If only a minority of people object to wind farms, as Friends of the Earth Cymru claim, why did they find it necessary to produce their report? If their own statements are to be believed, are they not preaching to the converted?If so many of the Welsh population are in favour, why are so many objecting?
Before they can claim that they have no negative effect upon property prices, a sufficient number of wind farms need to be operational in and around valley communities.
Only then will we witness their true effect.
If they do have a negative effect will they, the developers and the Assembly Government, make a written statement guaranteeing to fully compensate those effected?
I find the statement that they encourage tourism ridiculous. I cannot envisage tour operators flocking to offer “An amazing holiday visiting Welsh wind farms”. Surely, when you have seen one, you have seen them all.
The report has the cheek to state that coal mining has left its imprint on many communities and that open-cast mining is scarring the landscape.
Yet, the writers see nothing wrong with scarring the same landscapes with steel monstrosities.

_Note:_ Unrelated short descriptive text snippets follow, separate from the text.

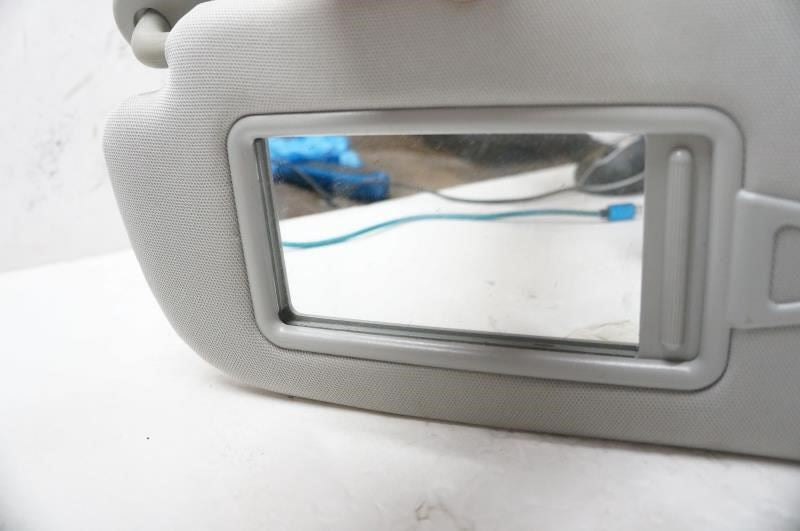 13-18 Hyundai Santa Fe S Front Left Side Sun Visor w/ Mirror 85210-B8100-OM OEM - Alshned Auto Parts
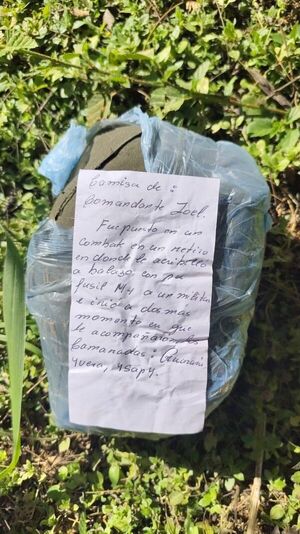Encuentran caleta del autodenominado EML con una misteriosa carta adentro | Unicanal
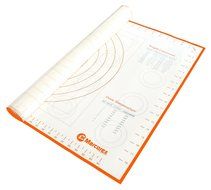 Extra Large Silicone Pastry Mat with Measurements and Conversion Charts, 29.6&quot; x 20.5&quot; Non-Stick Non-Slip, XL... N6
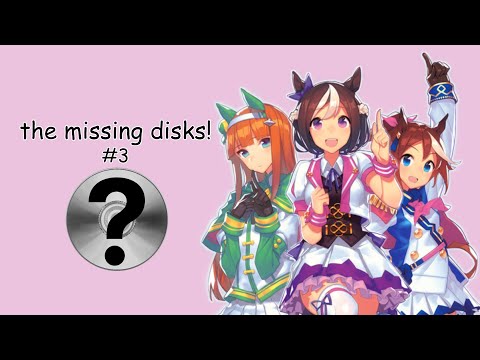 [music] the missing disks! #3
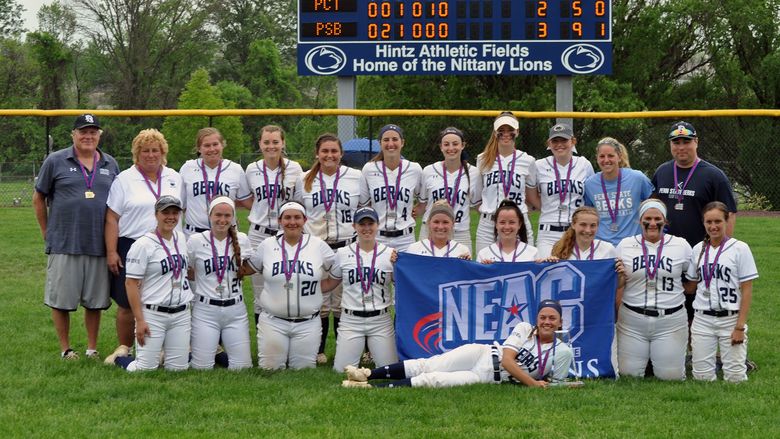 Berks Softball NEAC Champions 2019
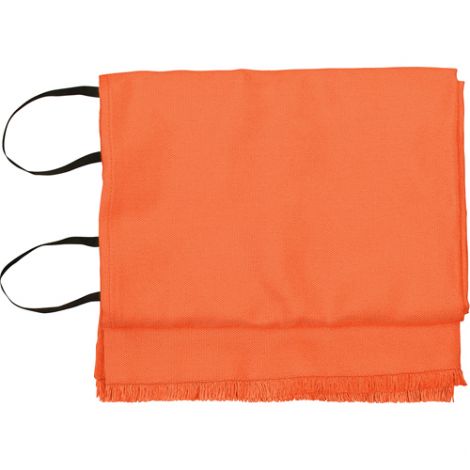 Emergency Fire Blankets - ORANGE w/o Bag - Size: 72"L x 72"W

It appears this report is nothing more than spin to further convince those in the Assembly Government and Westminster that it’s a good idea to blanket Wales in wind farms to satisfy Government targets, and simultaneously give the impression that its people are in favour of it.
I don’t know if the Assembly has noticed but Wales is a very small country and regardless of where wind farms are located they will be close to communities, even closer in the South Wales valleys.
Personally, I believe it should be made clear to the Assembly that Wales is not for sale to wind farm developers.
We do not want their turbines in our valleys and must say a very clear “no” to what can only be described as a 21st Century slagheap.